Bernier, a loyal soldier through some very dark days in Detroit, had to fight harder than he should have needed to to wrest the starter’s job away from Howard, but he’s at worst a capable 1B next to Greiss. The Wings have plenty of issues, but this isn’t one of them. Put this tandem on any other team in the division and they’d hold their own.
Malcolm Subban, Collin Delia
Here’s one place where Greiss and Bernier would make a difference. Or, really, any other goalie in the league, starter or backup.
The rebuild is on in Chicago, and after trading Robin Lehner and moving on from the just-retired Corey Crawford, the Hawks somehow looked at what they had - a career backup who has never posted a GSAA above zero, and a third-stringer with 16 NHL starts to his name - and said “yep, we’re good here.”

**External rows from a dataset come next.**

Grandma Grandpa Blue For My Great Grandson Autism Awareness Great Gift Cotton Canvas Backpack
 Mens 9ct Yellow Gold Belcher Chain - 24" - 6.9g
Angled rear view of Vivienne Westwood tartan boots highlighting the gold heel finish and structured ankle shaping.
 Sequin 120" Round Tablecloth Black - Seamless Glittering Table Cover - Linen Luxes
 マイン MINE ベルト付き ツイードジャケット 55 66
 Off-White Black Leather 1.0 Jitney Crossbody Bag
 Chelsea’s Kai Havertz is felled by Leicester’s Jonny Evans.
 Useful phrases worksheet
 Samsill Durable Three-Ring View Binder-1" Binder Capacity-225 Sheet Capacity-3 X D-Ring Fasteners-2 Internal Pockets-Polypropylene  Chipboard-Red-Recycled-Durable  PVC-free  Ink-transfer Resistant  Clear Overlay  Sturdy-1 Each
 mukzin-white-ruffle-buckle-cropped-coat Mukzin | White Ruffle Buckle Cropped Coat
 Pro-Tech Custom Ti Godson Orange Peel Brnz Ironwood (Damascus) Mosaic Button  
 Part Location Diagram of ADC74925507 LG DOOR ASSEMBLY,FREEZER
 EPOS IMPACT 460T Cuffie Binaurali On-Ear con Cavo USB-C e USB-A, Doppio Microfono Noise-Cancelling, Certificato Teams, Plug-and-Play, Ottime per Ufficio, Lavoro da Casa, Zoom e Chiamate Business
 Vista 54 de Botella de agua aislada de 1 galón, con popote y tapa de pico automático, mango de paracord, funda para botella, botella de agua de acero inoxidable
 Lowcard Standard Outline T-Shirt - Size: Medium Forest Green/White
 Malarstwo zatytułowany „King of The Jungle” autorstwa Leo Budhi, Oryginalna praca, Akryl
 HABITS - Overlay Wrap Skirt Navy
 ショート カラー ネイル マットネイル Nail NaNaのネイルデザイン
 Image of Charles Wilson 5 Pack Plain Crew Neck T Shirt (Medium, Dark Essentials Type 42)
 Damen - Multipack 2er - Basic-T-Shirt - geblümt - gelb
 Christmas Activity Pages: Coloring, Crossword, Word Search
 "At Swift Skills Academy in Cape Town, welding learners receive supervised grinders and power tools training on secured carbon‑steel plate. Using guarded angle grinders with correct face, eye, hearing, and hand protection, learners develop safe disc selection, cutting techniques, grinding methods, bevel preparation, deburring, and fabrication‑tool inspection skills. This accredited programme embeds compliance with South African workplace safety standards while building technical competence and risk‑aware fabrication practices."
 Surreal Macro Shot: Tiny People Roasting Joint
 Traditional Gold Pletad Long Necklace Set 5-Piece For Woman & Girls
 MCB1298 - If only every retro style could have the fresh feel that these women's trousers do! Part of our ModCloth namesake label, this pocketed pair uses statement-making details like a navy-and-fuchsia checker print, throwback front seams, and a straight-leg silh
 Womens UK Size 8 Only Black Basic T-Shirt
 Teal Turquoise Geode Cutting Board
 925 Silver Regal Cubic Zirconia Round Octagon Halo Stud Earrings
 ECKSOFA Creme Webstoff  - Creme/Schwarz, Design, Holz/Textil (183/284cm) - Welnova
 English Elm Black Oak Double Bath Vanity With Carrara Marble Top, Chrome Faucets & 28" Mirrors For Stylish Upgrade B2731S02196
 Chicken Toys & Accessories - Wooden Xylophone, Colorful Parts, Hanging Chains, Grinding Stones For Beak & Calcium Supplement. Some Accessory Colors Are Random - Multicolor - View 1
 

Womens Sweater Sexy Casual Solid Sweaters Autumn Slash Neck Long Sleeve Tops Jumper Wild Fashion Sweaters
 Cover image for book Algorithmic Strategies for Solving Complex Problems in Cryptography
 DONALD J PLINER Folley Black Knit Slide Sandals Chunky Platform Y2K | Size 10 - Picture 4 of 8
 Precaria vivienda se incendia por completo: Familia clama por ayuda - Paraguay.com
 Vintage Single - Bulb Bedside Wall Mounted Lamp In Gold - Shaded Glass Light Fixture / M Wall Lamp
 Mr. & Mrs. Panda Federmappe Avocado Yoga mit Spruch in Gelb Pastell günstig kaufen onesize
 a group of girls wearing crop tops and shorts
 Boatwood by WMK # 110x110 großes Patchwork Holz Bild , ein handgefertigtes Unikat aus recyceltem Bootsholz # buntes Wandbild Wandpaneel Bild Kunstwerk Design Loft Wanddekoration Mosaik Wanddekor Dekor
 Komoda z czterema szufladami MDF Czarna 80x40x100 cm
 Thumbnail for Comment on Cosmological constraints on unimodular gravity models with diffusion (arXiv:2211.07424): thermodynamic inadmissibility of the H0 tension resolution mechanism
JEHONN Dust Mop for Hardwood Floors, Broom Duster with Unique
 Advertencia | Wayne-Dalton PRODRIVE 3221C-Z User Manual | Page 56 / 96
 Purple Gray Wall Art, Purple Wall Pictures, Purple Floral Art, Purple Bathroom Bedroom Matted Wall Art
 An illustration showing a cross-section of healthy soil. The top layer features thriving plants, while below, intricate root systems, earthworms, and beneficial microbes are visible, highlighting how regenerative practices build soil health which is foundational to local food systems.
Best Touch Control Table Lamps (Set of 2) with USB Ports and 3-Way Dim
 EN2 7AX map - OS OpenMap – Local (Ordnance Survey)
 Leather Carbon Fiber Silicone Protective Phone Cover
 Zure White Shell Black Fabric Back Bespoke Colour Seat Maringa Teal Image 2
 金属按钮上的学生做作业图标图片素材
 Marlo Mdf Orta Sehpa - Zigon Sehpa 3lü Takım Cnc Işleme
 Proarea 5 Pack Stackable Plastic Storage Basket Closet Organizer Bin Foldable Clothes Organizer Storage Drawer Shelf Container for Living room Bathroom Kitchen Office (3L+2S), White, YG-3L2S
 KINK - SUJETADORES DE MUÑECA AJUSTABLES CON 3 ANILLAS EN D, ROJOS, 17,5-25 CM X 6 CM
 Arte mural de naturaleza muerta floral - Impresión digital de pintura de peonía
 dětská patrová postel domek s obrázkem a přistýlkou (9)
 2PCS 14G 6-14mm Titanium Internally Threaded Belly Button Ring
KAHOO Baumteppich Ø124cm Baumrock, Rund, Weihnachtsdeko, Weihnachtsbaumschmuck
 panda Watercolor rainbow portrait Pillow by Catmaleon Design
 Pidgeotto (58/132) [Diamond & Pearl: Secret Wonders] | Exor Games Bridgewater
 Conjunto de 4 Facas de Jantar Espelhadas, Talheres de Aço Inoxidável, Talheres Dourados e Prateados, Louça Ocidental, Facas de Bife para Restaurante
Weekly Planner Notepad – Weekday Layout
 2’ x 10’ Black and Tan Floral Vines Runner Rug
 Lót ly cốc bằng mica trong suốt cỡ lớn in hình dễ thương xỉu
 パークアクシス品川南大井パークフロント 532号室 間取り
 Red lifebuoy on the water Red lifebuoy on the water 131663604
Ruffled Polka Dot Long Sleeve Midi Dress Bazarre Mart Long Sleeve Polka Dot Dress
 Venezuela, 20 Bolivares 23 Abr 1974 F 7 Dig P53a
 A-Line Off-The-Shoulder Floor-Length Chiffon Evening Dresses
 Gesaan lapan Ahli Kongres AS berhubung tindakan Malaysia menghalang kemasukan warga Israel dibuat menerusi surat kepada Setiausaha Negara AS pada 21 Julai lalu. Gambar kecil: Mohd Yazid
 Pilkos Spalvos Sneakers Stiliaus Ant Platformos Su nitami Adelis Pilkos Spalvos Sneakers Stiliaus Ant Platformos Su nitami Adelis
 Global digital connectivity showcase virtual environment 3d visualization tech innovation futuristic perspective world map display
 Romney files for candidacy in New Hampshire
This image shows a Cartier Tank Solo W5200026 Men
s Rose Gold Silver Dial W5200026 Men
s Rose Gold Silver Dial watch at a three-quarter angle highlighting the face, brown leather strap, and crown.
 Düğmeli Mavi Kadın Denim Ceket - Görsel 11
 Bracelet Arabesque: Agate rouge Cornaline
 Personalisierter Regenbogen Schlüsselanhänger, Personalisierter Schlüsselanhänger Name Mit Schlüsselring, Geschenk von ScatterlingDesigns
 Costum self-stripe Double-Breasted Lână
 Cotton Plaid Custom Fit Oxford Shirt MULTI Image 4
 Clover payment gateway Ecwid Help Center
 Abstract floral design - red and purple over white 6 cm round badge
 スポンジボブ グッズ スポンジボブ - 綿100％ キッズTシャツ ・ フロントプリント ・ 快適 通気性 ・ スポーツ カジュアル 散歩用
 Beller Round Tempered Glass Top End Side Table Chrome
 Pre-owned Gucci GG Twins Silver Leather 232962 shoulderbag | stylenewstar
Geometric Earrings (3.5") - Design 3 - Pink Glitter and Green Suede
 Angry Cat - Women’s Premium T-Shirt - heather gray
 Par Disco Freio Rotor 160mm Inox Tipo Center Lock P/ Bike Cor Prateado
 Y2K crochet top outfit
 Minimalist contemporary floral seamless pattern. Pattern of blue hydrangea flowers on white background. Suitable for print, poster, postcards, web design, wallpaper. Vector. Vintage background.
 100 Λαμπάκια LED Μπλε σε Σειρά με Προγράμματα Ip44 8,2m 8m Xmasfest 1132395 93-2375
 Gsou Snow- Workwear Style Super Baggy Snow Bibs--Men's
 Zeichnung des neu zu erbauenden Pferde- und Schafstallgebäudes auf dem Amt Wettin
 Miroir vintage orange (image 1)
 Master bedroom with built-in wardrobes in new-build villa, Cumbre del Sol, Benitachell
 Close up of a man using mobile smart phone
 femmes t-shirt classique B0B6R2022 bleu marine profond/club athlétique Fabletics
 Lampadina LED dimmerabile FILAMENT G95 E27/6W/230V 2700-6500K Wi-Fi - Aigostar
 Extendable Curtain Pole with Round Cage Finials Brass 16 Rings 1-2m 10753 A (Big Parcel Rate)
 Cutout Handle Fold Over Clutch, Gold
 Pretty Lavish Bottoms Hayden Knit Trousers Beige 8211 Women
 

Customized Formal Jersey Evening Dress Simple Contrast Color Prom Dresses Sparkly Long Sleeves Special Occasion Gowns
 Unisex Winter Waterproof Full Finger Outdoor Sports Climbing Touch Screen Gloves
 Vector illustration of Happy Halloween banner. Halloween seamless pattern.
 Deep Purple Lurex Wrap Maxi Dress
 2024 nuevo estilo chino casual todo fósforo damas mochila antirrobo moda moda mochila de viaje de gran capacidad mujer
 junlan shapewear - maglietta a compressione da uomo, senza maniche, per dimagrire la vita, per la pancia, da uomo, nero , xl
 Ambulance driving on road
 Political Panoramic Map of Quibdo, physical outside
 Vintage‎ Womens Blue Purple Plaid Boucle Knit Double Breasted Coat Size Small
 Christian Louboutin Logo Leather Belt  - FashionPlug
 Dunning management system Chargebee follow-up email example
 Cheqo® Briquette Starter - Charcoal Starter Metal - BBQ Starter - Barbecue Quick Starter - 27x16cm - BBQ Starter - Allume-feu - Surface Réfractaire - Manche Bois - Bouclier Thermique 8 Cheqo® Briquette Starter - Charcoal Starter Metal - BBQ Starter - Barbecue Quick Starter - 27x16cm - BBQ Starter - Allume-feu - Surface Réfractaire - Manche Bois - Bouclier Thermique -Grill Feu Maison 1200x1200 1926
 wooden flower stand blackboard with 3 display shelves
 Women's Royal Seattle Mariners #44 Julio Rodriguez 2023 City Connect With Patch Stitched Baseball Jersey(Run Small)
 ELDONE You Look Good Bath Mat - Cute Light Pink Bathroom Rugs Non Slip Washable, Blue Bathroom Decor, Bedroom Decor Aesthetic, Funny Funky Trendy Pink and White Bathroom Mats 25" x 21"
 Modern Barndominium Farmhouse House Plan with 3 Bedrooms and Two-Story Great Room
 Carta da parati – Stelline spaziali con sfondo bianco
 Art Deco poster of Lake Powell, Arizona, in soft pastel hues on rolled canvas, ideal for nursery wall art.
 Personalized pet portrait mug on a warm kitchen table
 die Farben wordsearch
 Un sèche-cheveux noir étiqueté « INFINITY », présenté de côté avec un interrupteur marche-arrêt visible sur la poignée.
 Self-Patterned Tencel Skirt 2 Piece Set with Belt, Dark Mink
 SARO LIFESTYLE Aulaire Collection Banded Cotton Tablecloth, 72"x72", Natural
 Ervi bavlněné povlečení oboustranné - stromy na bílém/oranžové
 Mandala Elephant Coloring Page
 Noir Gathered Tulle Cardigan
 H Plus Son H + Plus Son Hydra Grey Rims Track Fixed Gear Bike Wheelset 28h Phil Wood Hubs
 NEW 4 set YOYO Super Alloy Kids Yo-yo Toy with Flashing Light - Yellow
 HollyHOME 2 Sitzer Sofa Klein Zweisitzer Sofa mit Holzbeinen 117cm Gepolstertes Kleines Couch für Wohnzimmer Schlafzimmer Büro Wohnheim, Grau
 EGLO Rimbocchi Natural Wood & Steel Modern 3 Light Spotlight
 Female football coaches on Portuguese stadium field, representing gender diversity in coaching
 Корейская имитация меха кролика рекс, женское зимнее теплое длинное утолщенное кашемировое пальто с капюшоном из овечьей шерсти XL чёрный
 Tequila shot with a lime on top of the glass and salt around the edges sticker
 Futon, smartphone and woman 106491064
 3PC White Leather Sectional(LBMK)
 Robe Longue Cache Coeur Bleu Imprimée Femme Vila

No, they really aren’t. This is a historically bad tandem, one that recalls the strip-it-all-down Sabres of 2014-15. That was the season where any goalie that showed any promise whatsoever was exiled to the AHL or immediately traded. After all, they couldn’t risk their shot at Connor McDavid. If your team is being compared to that squad, heaven help you.
Next to this, Mrazek and Reimer might look like a tandem of Patrick Roy and Martin Brodeur. It’s going to be a long season in Chicago.
Wrapping it up, the Hurricanes look to actually be in the upper tier of the division in net. The Lightning are in front of them as long as they can ride Vasilevskiy, and they’re also behind a healthy Stars tandem. But given a two-month head start with Bishop recovering from surgery, the Hurricanes might be able to come out ahead of them. Everyone else is largely on their level or - ahem - significantly below. The Hurricanes don’t have a game breaker in net, but in this year’s Central, they might not need one.